The insanity of finals on top of the stress of preparing for commencement can make a student feel like they’re a bundle of nerves, but the simultaneously rewarding and terrifying payoff of graduating is a sweet victory, especially for first-generation students.
From figuring out the university system without family guidance to juggling countless activities, all the steps they take to get to the moment of walking across the stage and getting their diploma involved the support of family, friends and colleagues.
“Some people are lucky. They’re born with parents who became a doctor or lawyer, or something like that. Some of us were not born with that baseline … For me, every step is new,” said Jason Miramontes, a criminal justice major at Cal State Fullerton.
Miramontes will be graduating this semester and knows the feeling of experiencing college for the first time without any prior guidance.
The formal definition of first-generation college students are “those whose parents’ highest level of education is a high school diploma or less,” according to a report by the National Center for Education Statistics. But the term can be broadened to students who are going to college in the United States and have parents who attended other universities overseas, according to Brown University.
The diversity of first-generation students varies in many ways. Brown University classified the differences to socio-economic classes, international, domestic, religions, races and ethnicities, and sexual orientations.
But one thing they all have in common is their unfamiliarity of the university system. While some college students have an idea of how to approach the new environment of either a two-year community college or a four-year university from their parents or peers, many first-generation students have to figure it out on their own.
“It’s kind of like walking around blind, but in a good way because you can push yourself and say, ‘Oh, I can do better,’ so that way I can set that precedent for my own future kids if I have some,” Miramontes said.

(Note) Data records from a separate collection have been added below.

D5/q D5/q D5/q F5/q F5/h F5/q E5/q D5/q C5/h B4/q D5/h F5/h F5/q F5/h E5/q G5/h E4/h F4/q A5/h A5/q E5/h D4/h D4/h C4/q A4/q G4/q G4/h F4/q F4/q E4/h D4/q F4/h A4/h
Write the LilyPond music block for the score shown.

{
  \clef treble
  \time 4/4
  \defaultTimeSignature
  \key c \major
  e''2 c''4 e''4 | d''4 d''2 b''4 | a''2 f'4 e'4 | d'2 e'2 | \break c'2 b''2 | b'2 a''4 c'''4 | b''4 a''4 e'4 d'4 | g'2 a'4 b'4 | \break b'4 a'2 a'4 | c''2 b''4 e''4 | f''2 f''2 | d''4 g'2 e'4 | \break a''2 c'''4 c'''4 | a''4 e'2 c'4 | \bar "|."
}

For Megan Maxey, a communications major with an emphasis in print journalism, the juggling act of balancing her life with her extracurriculars and studies is all too familiar. She is president of the Society of Professional Journalists at CSUF while also being a member of the Alpha Delta Pi sorority.
“I think at times, it definitely is a lot, but if you are dedicated and have a good work ethic, then it’s really going to benefit you in the end,” Maxey said.

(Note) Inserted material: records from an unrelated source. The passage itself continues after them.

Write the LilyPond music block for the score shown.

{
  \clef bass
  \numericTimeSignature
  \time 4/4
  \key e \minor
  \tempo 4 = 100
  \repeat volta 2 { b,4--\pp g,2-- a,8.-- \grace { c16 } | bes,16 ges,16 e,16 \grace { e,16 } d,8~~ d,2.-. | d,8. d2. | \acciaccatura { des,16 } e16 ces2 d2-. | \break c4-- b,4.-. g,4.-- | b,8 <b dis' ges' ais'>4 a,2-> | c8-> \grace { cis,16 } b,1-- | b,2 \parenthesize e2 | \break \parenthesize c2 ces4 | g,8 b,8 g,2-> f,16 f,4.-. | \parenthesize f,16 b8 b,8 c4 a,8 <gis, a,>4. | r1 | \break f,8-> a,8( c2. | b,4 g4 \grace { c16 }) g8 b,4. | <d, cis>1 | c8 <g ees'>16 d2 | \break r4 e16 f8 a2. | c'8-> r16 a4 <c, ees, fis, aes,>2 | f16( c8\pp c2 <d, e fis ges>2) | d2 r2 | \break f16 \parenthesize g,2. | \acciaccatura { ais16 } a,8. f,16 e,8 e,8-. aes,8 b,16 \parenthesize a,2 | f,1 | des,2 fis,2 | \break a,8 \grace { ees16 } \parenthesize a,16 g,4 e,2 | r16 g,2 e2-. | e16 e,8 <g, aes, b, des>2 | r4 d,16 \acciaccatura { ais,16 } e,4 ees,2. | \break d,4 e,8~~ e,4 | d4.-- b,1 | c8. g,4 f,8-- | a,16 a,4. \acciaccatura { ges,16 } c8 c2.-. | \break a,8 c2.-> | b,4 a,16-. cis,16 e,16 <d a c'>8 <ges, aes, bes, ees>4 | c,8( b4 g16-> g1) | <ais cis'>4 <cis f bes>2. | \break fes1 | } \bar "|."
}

If there’s one thing Maxey learned from dealing with the pressures of being a first-generation student, it’s to keep working even if there’s no one to help.

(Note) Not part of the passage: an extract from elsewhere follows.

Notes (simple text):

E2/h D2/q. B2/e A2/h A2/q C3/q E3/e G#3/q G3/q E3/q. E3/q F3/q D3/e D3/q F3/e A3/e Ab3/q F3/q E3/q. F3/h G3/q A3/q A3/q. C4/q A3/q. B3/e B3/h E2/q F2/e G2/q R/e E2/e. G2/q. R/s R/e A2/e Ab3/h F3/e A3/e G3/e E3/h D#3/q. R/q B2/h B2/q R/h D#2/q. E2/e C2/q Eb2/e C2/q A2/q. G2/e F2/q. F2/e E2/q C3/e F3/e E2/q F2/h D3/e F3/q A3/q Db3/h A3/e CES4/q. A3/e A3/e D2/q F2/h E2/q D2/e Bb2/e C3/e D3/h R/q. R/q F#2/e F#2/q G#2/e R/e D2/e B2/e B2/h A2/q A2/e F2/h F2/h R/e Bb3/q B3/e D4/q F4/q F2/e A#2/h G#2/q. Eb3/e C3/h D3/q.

One program CSUF provides for first-generation students is Student Support Services, a federally-funded program that assists first-generation, low-income and disabled college students with earning their bachelor’s degree within six years. It’s goal is to help students increase college retention and graduation rates of those who choose to join the program.
A notable highlight from the National Center for Education Statistics report states first-generation students “were more likely than non-first-generation students to say that being very well off financially and providing their children with better opportunities than they had were very important to them personally.”
Brenda Garcia, a linguistics graduate student at CSUF, said her family plays an important role in her higher-education journey.
“It’s just very interesting to see how all of them helped me in different ways,” Garcia said. “My family has always been there for me and a big huge part of why I’m (in graduate school) is because of them.”